* _What the task requires_
Please repeat only the lines below starting at the line that holds "Obléhání Alexandrie začíná, z" and ending at the line that holds "Mini Bouquet Poppy Light Pink x Light Blue", exactly, with both of those lines included and every picture omitted.

------ Data

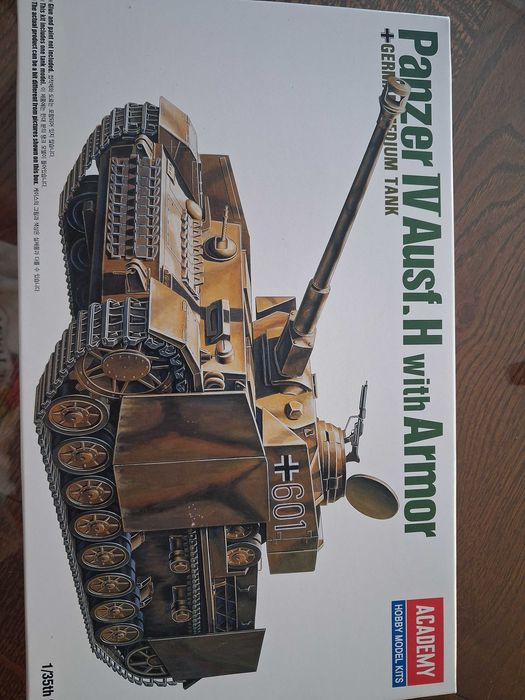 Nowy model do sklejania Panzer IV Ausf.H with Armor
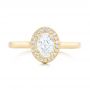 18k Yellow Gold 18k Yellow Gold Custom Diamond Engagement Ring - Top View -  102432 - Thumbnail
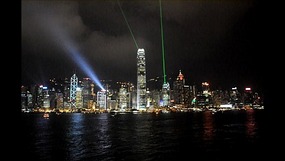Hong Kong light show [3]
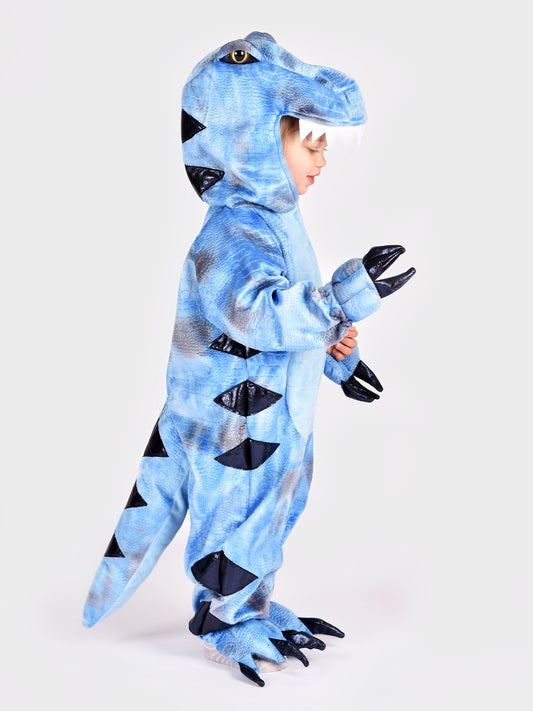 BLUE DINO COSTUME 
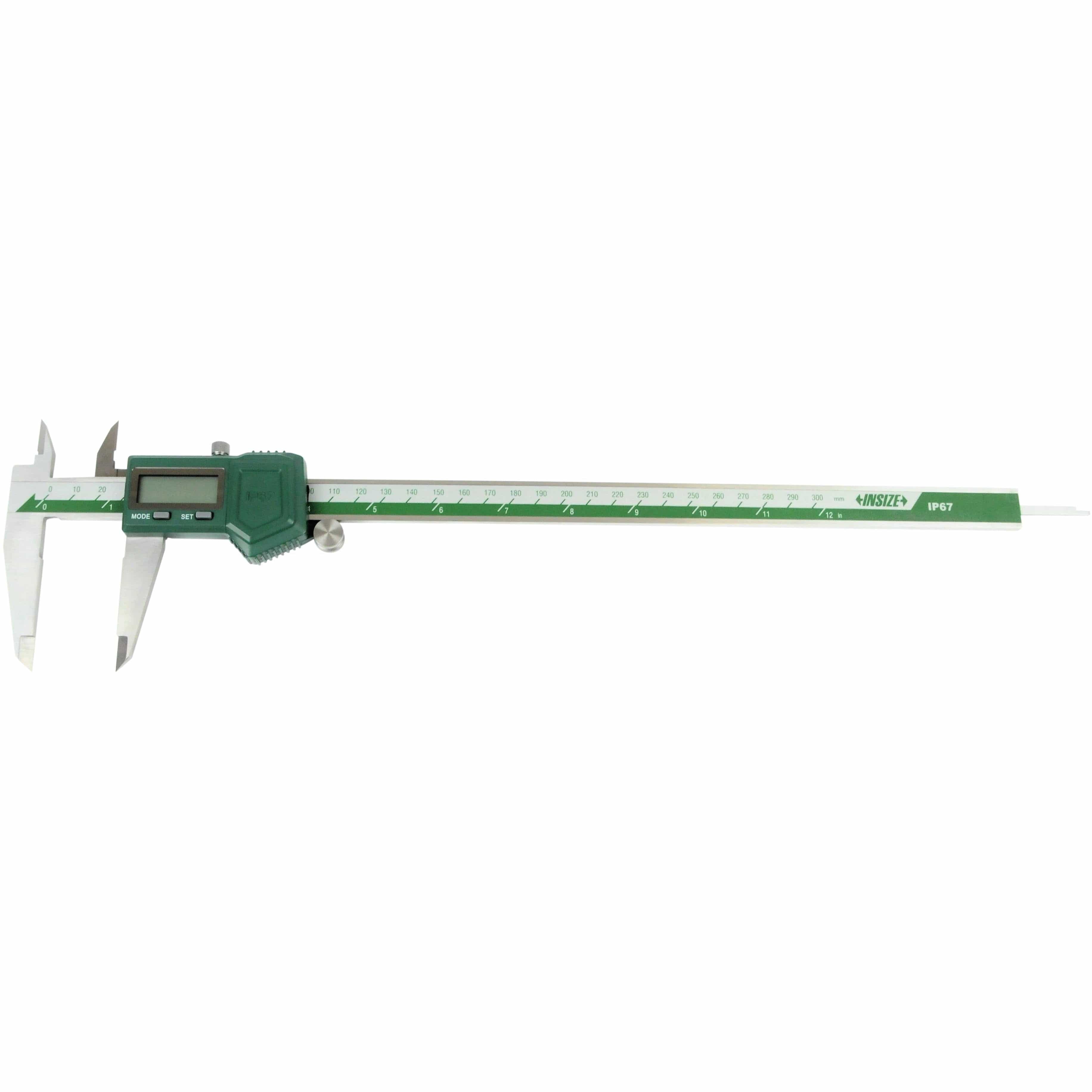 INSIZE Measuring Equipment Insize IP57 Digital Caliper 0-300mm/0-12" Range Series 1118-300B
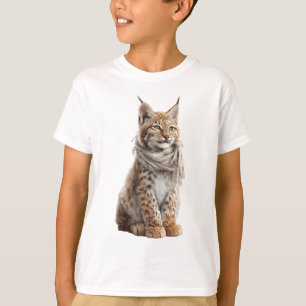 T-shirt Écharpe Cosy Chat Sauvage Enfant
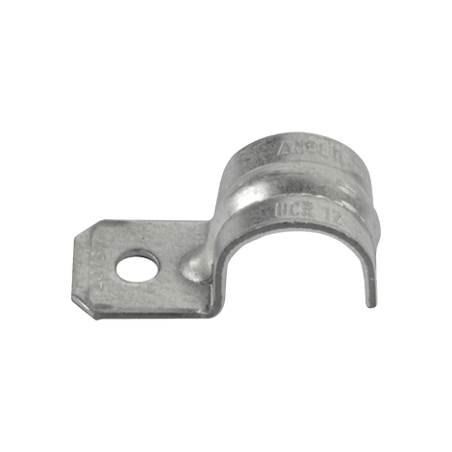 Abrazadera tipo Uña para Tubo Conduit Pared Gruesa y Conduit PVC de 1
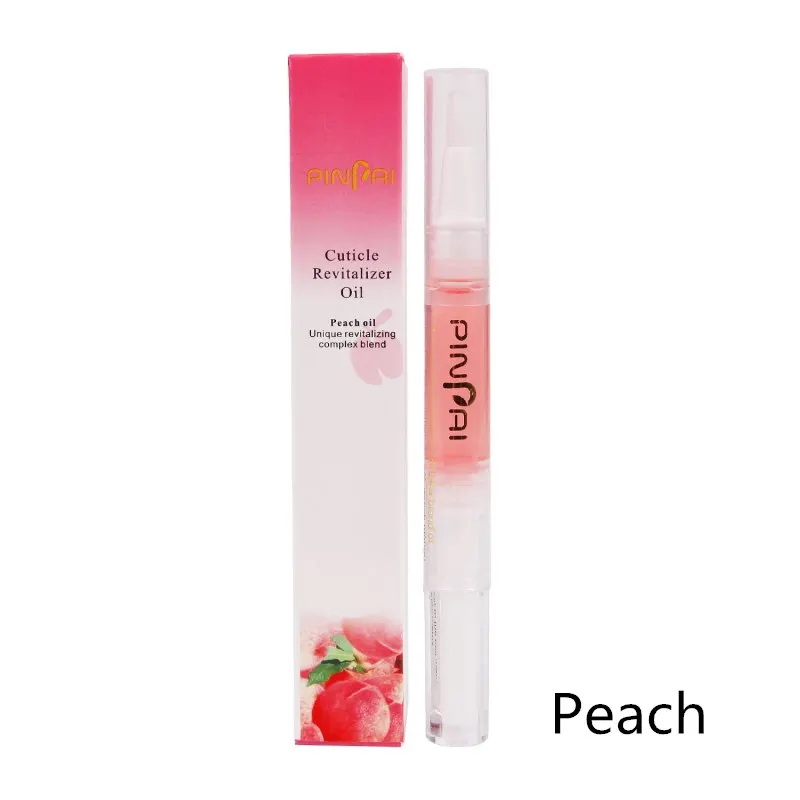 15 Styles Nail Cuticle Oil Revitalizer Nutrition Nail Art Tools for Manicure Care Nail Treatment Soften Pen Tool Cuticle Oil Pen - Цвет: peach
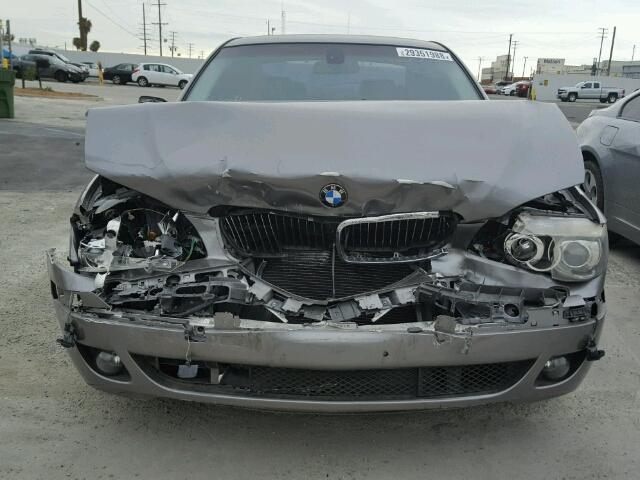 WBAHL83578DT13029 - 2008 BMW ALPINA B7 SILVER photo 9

------------
------ Data

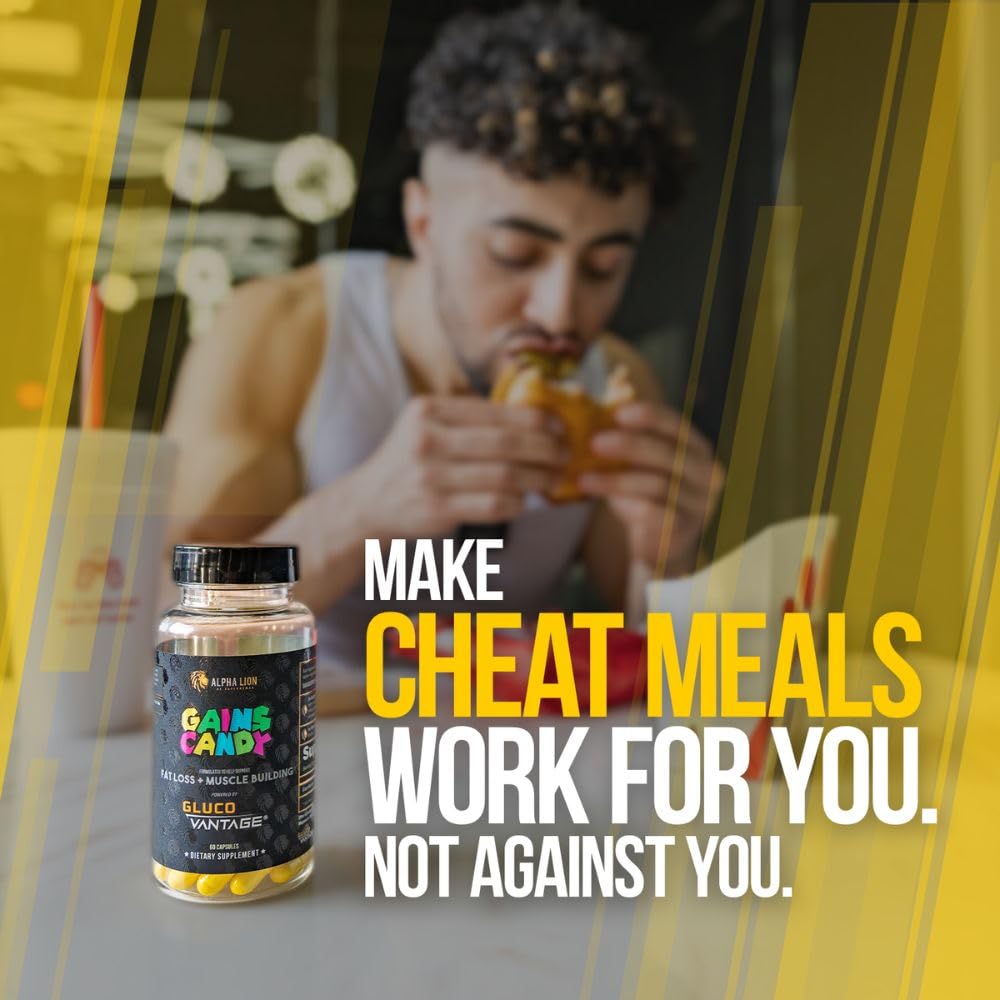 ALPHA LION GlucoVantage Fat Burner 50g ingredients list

------------
------ Data

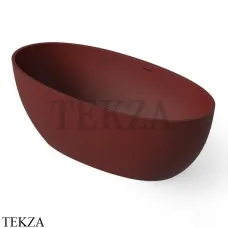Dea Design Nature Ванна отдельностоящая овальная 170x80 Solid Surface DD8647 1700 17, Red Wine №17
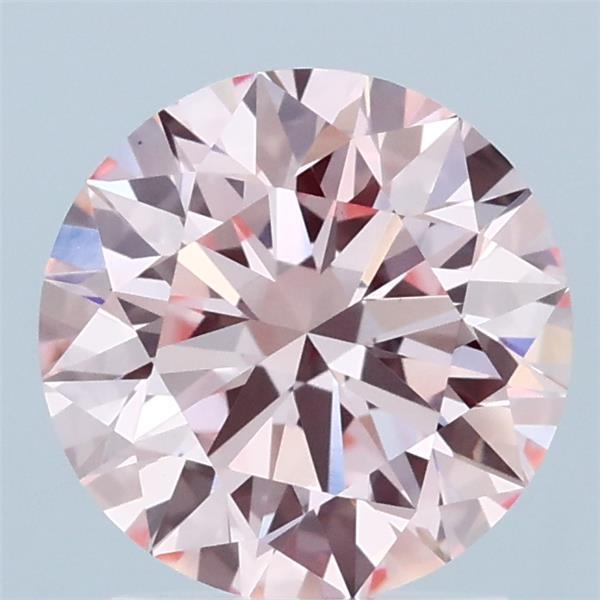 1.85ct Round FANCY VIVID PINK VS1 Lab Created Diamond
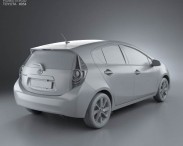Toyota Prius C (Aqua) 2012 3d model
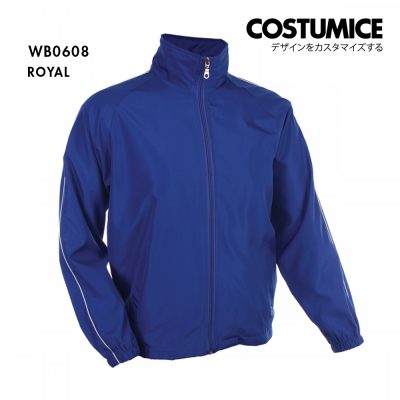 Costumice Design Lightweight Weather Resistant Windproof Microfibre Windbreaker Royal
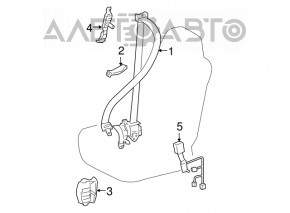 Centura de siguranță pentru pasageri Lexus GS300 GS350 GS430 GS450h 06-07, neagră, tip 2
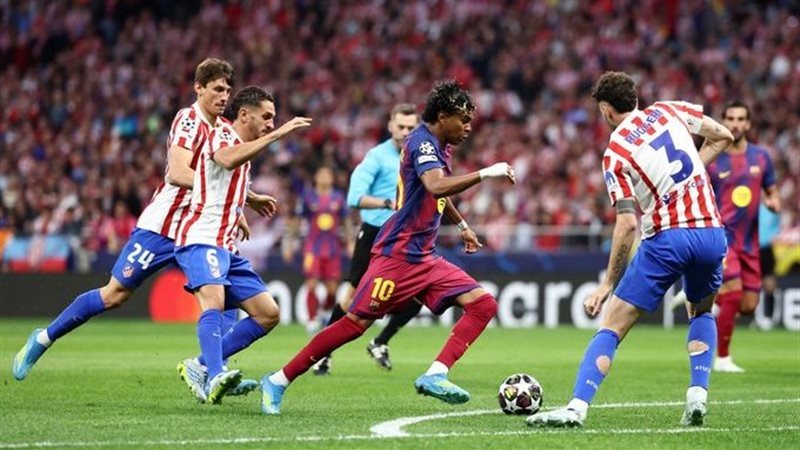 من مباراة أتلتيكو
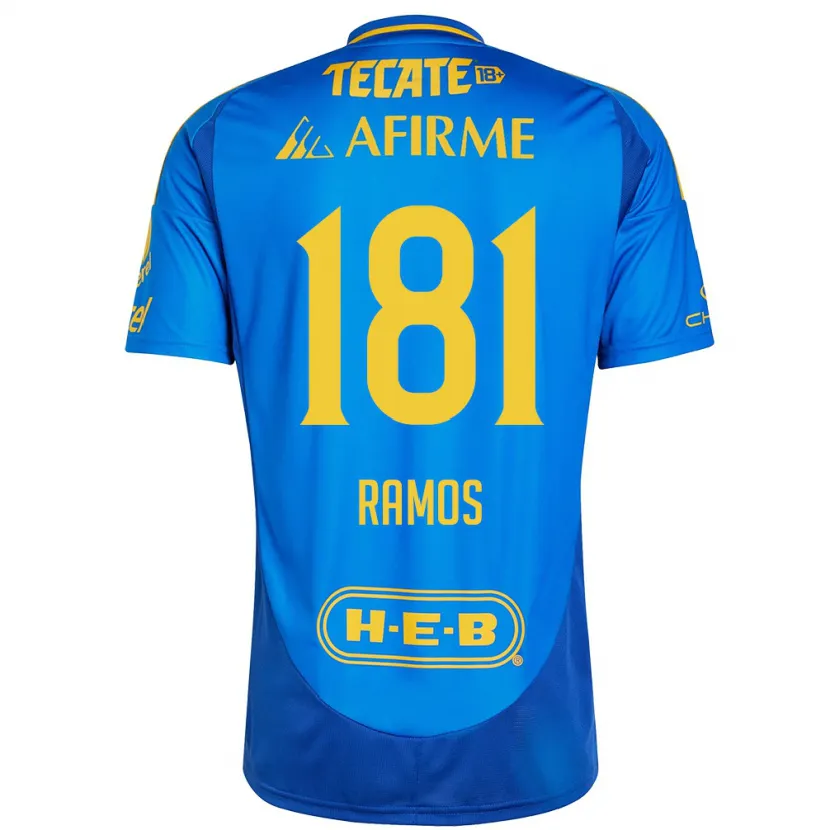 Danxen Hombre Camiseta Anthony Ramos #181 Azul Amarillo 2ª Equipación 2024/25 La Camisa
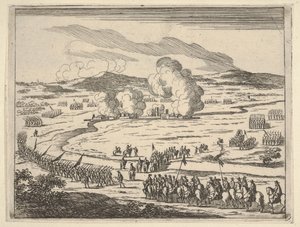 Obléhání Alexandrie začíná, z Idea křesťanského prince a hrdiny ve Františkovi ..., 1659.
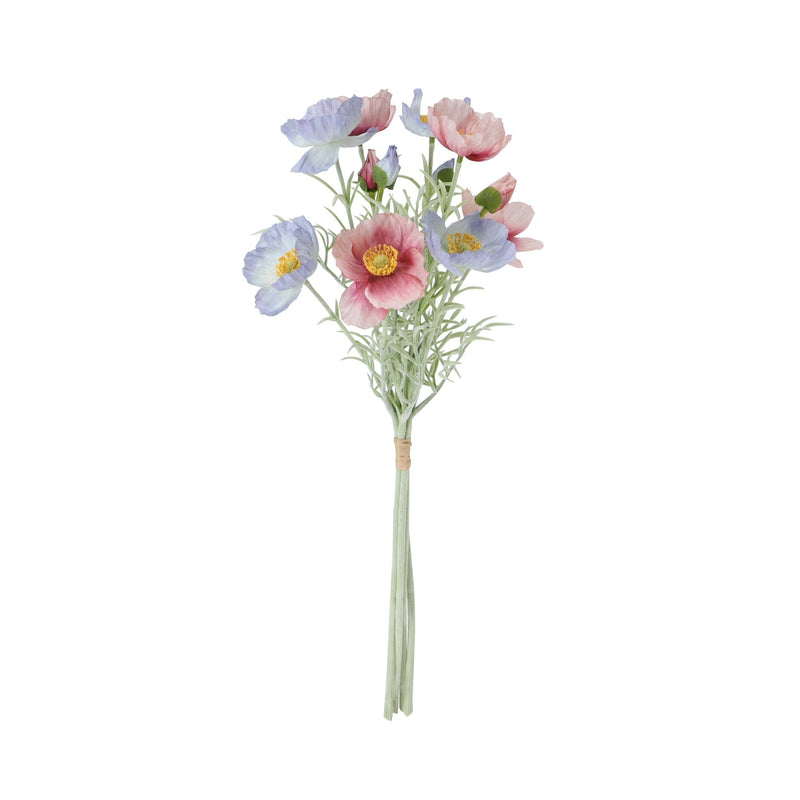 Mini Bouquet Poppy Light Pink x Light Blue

------------

* _Response_
 Obléhání Alexandrie začíná, z Idea křesťanského prince a hrdiny ve Františkovi ..., 1659.
 Mini Bouquet Poppy Light Pink x Light Blue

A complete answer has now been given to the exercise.